Scraped caption text data

--------------------------------

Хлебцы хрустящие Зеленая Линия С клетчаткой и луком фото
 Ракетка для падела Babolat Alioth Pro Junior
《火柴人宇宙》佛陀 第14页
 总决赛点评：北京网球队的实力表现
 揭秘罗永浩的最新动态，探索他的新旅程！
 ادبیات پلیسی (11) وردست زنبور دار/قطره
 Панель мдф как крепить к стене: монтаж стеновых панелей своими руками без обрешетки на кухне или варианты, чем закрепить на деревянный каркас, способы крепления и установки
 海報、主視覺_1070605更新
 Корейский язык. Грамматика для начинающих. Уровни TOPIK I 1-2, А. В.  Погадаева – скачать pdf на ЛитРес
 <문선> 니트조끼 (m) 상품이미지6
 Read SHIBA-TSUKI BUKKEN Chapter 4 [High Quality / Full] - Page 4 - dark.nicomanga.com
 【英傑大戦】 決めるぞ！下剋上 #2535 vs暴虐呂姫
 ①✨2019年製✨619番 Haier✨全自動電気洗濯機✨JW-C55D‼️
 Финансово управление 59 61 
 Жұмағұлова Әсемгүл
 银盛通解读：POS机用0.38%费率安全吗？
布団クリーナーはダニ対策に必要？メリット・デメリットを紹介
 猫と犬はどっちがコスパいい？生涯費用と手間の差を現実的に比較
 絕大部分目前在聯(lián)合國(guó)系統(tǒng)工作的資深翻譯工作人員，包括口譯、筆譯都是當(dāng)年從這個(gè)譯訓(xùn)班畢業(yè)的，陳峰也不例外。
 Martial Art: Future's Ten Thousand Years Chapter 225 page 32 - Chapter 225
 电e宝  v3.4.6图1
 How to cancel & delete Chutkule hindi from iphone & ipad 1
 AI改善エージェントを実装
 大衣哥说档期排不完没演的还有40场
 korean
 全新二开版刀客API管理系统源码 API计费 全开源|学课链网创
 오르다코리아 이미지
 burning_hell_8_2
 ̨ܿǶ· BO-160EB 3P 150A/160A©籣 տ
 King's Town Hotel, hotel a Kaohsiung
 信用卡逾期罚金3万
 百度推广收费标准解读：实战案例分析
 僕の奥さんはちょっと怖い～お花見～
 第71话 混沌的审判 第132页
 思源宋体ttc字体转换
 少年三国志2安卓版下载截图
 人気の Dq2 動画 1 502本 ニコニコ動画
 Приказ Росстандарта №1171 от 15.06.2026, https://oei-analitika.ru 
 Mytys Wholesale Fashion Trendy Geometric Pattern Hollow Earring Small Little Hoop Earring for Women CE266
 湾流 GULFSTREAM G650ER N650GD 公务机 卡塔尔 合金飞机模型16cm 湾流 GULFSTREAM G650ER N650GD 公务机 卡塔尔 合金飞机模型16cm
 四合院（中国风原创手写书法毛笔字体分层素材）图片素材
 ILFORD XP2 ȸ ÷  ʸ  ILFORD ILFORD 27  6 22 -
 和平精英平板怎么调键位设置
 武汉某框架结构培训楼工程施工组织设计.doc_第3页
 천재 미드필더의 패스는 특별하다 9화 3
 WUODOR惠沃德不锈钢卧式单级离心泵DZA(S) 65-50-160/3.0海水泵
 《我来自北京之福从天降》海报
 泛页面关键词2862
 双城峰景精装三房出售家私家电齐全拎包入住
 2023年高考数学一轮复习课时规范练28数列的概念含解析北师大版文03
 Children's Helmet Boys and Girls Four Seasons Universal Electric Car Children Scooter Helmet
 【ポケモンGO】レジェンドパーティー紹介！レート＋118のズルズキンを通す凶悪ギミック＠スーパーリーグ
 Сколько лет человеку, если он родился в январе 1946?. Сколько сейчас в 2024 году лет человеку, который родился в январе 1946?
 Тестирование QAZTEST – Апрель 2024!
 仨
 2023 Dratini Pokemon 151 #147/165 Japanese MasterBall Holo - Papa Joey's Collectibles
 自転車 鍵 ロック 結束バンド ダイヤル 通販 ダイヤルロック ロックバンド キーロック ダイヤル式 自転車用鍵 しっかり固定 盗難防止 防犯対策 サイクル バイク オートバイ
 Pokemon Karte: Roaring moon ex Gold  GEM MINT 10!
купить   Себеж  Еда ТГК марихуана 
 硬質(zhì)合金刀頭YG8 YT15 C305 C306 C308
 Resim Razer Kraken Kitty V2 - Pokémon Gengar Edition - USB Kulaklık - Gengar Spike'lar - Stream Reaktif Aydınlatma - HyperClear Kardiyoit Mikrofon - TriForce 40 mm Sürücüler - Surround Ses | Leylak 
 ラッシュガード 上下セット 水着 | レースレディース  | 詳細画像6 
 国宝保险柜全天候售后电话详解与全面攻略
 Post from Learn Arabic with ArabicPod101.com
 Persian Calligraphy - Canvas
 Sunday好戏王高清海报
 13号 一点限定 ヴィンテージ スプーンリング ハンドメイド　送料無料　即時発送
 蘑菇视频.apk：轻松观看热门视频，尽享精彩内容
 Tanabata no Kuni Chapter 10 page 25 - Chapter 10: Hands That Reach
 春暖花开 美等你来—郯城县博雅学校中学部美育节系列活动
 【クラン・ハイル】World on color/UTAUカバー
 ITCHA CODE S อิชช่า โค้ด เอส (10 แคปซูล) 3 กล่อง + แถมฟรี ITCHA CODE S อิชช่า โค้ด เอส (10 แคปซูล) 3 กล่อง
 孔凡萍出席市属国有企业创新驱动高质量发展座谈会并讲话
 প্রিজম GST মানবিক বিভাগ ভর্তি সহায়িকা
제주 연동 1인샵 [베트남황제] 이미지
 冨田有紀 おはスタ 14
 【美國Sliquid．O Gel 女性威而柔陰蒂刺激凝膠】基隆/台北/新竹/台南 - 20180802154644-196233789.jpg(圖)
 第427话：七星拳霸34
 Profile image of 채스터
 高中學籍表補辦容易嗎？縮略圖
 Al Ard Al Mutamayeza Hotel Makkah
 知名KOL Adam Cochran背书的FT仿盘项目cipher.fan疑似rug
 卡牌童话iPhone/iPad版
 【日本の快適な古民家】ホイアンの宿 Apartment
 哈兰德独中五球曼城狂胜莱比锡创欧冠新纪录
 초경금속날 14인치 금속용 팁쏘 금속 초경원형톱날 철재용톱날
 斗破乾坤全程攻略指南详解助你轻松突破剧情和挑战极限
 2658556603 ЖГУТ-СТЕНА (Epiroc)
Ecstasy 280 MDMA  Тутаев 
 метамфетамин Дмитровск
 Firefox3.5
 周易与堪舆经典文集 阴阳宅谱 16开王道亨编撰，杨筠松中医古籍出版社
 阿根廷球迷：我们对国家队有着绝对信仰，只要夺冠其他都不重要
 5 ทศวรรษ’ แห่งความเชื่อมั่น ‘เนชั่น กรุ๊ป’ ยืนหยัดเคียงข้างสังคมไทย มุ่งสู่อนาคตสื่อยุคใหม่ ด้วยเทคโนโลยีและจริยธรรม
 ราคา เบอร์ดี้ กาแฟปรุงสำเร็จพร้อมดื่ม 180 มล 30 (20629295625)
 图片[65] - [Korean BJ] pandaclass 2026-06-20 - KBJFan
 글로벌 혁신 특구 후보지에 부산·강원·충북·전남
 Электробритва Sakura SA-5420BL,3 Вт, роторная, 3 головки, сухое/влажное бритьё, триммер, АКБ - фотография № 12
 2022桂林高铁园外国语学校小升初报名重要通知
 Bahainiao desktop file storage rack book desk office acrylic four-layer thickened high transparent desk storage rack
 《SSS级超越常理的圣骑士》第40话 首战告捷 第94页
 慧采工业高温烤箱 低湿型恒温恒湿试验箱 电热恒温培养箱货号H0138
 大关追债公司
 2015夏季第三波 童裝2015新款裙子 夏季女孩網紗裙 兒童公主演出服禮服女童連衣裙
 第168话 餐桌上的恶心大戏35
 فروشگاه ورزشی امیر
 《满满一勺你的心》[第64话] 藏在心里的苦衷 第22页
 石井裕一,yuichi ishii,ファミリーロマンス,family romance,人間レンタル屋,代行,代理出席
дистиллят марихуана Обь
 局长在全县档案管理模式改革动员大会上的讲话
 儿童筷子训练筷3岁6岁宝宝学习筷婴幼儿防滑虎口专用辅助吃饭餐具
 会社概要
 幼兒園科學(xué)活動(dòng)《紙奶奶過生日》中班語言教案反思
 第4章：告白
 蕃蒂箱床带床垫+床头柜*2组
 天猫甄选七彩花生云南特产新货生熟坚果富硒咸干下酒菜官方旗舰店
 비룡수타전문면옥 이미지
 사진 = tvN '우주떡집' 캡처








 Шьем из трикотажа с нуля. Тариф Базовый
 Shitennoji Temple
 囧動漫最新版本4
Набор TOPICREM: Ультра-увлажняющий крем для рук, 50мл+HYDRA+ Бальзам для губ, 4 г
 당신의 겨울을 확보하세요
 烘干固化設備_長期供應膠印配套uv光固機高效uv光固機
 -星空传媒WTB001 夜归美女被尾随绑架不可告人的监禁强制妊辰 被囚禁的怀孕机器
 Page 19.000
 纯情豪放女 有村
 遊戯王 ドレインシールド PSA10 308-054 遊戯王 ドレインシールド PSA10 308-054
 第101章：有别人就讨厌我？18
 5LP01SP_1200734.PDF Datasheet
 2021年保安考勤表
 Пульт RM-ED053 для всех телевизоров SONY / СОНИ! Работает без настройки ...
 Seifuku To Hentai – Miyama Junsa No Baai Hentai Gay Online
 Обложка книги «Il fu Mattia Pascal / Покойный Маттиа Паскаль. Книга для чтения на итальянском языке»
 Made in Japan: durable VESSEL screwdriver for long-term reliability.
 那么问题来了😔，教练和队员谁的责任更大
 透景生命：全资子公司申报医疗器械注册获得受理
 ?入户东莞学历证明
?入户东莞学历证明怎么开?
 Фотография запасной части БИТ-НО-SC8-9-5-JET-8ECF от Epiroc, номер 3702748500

--------------------------------

## EXERCISE DETAILS:
Using the records above, copy every line that has the word "Epiroc" in it.

## ANSWER TO THE PROBLEM:
 2658556603 ЖГУТ-СТЕНА (Epiroc)
 Фотография запасной части БИТ-НО-SC8-9-5-JET-8ECF от Epiroc, номер 3702748500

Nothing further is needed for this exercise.